Every generation hopes to bequeath to the next generation something it created or improved. This gift can be something personal — such as a bank account, stock portfolio, house, farm, or woodlot — or it can be something shared by society, such as a more democratic, more secure nation. Whatever this gift may be, it ultimately is something we can present to our children and say, “I’ve worked to make this better, and now it is yours.”

In the past few decades, many — if not most — of us have come to believe that we should leave our children a natural environment that became cleaner, healthier, and more fully functioning under our stewardship. This is a belief we at the Agency of Natural Resources share. It is why we work here.

This report focuses on Vermont’s waters. I’m glad to say that we in Vermont have improved water quality across the state dramatically during the past 30 years, and our society as a whole today regards rivers and lakes as something to treasure — not means for disposing of waste.

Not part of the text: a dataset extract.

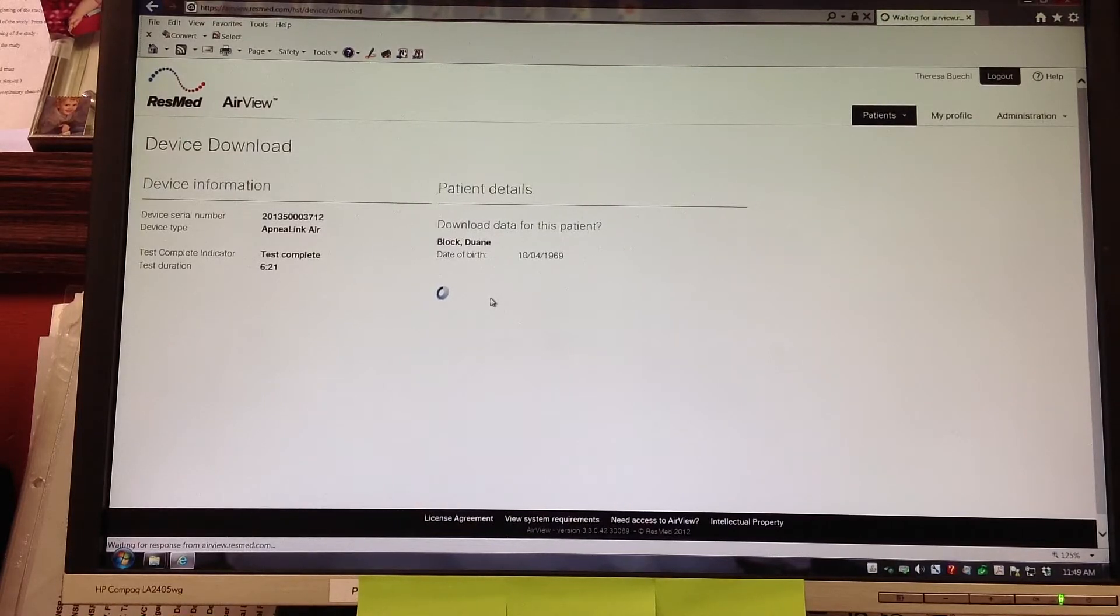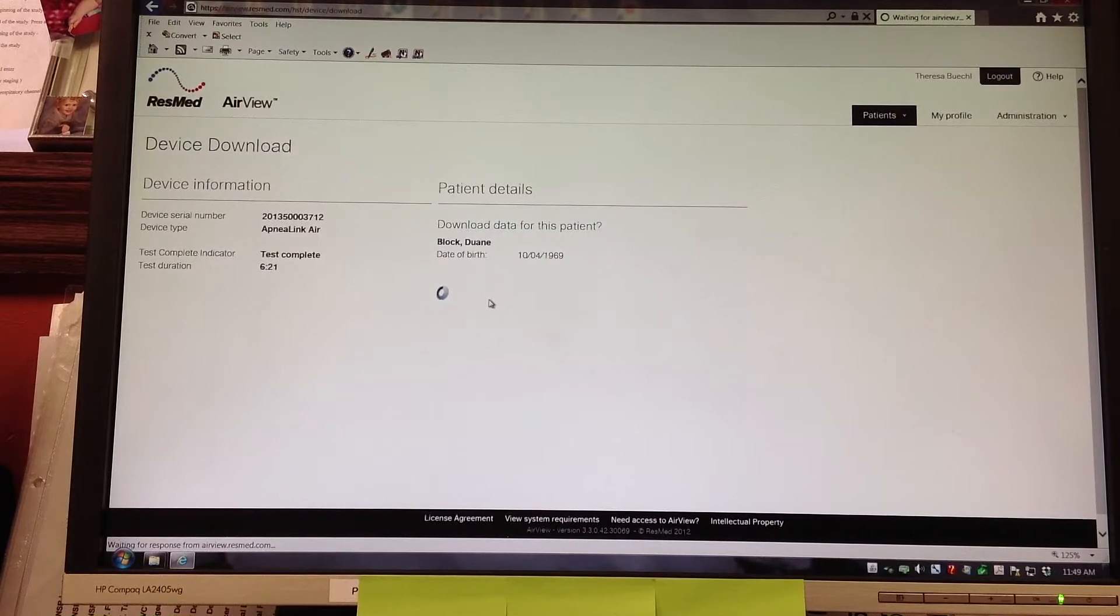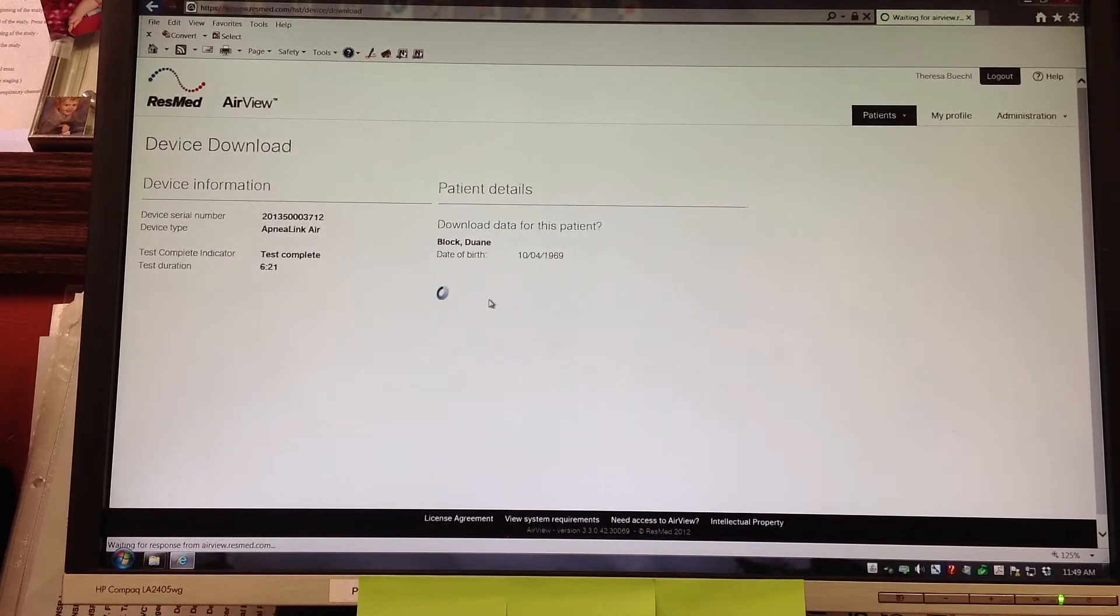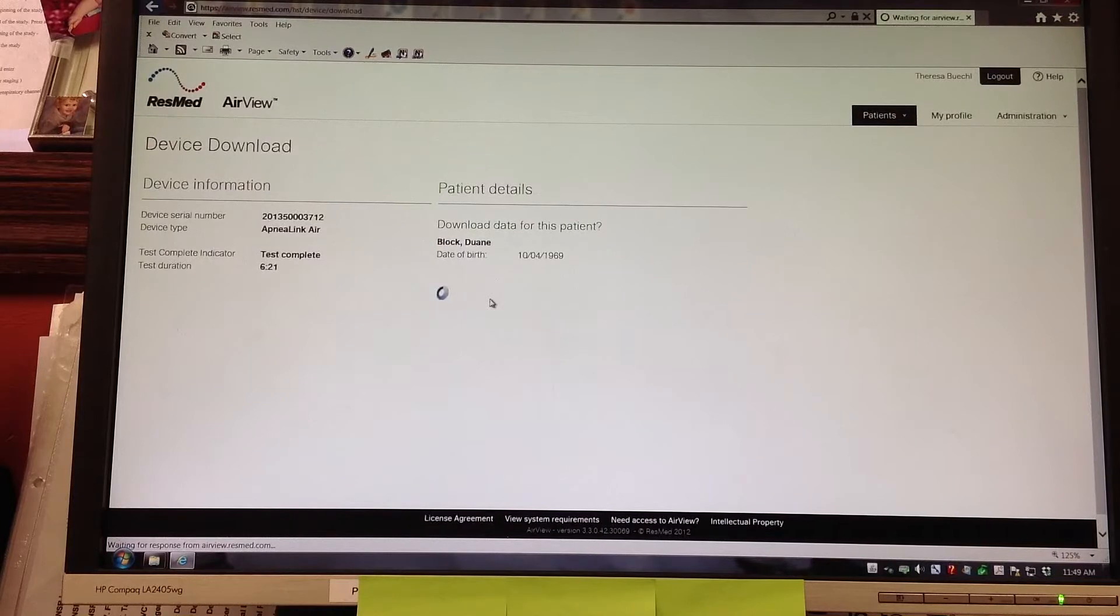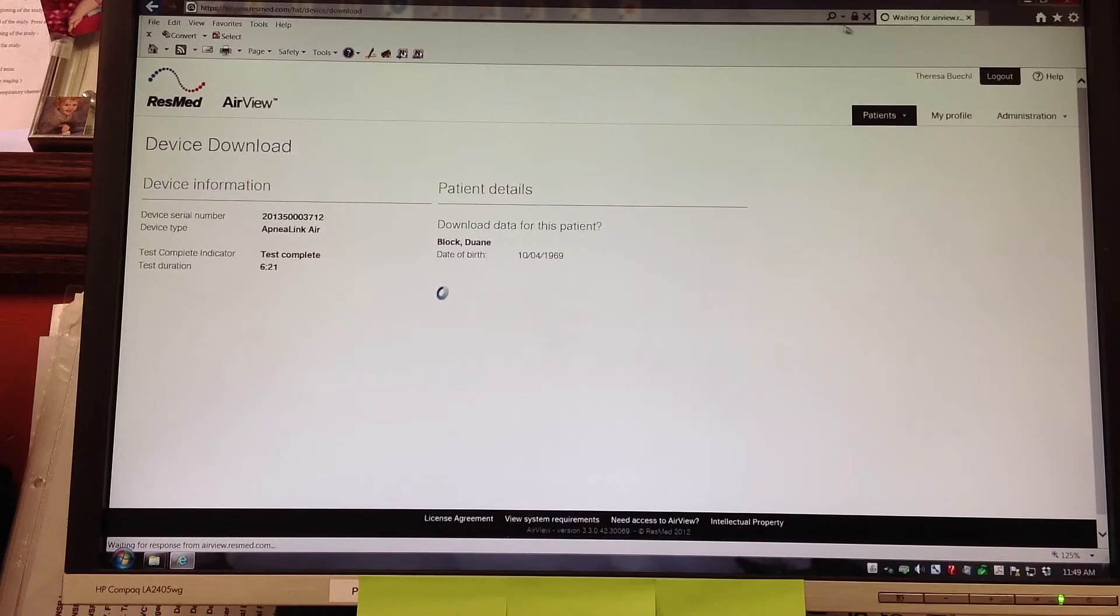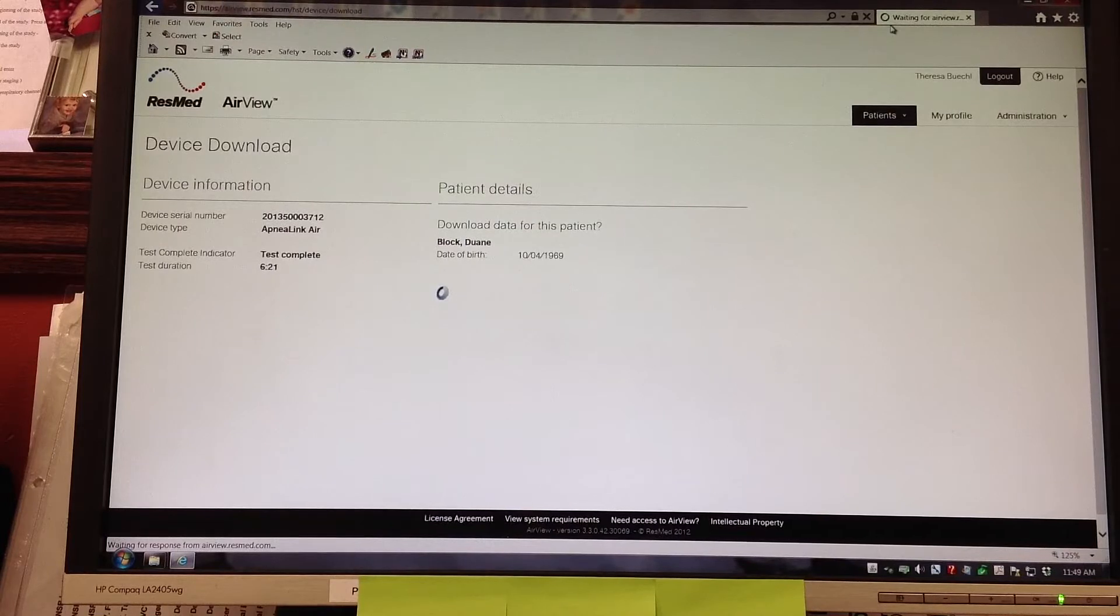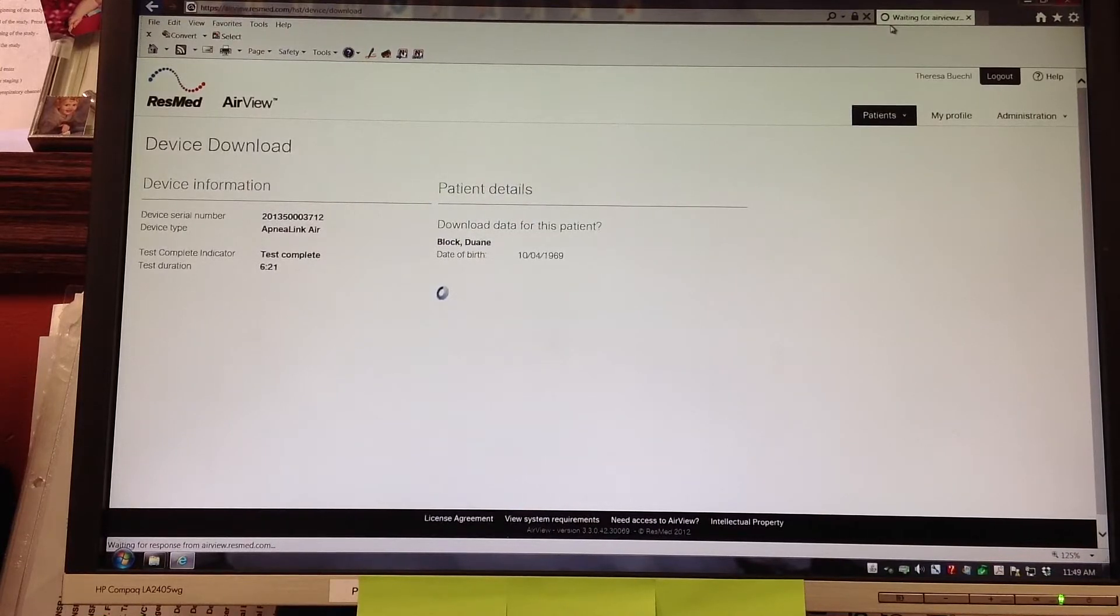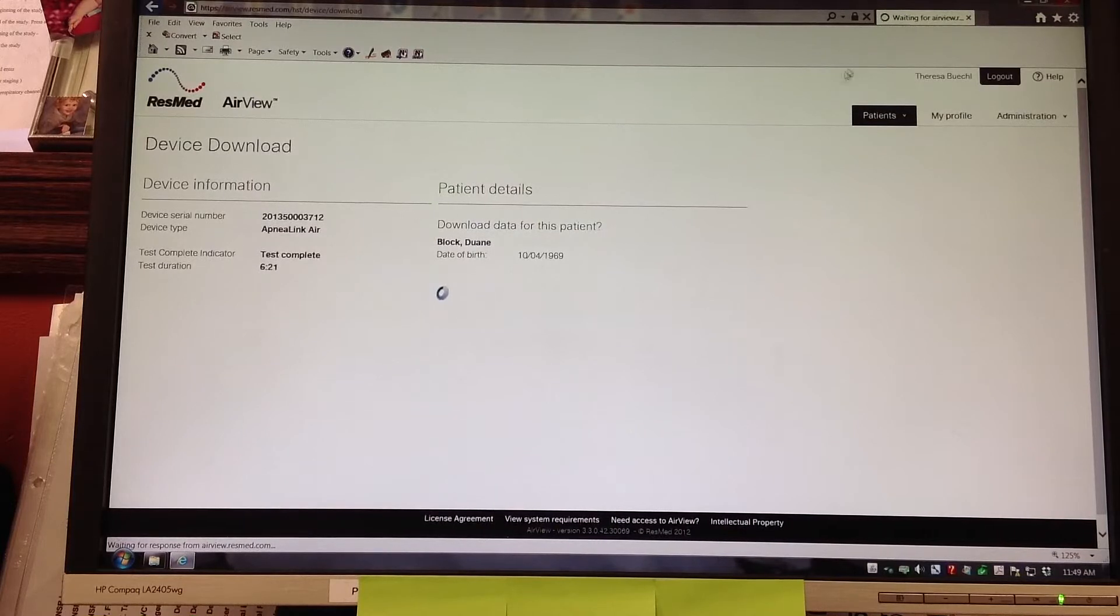On the screen it also shows the serial number of the device, that the test was completed and the duration time of the test. You can see that the test was completed and the test duration is 6 hours and 21 minutes. It is waiting for the data to be downloaded and that is what we are looking at on the screen right now.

Many of our state’s rivers and lakes are not yet clean enough, however, so we continue to develop ways to tackle water quality problems. Three recent examples:

• The Agency launched the Watershed Improvement Project in 1999 to implement short-term, action-oriented projects within Vermont’s 17 major watersheds while involving thousands of Vermonters in the identification of long-term water quality management goals. The project encourages Vermonters to look beyond their town boundaries and consider their lives within the context of the watersheds in which they live.

• We created a new River Management Section in the Water Quality Division in 1999 to carry out the Stream Alteration Permit Program, complete stream morphology assessments, and restore flood-damaged reaches using natural channel design techniques.

• The Agency unveiled a watershed improvement permit system in 2001 to accelerate the cleanup of urban streams polluted primarily by stormwater run-off. Under this permit system, many businesses, municipalities, and homeowners’ associations in urban and suburban parts of the state will need to repair, install, or upgrade stormwater treatment systems within the next two years.

Because of these and other initiatives, which we’ll explore in more detail in this report, we continue to make progress. Nothing, however, will do more to assure our success than the strong support of Vermonters who want and will work for a cleaner, healthier environment for themselves and for future generations.

As always, I hope you enjoy this document and share it with others. We invite your comments and suggestions.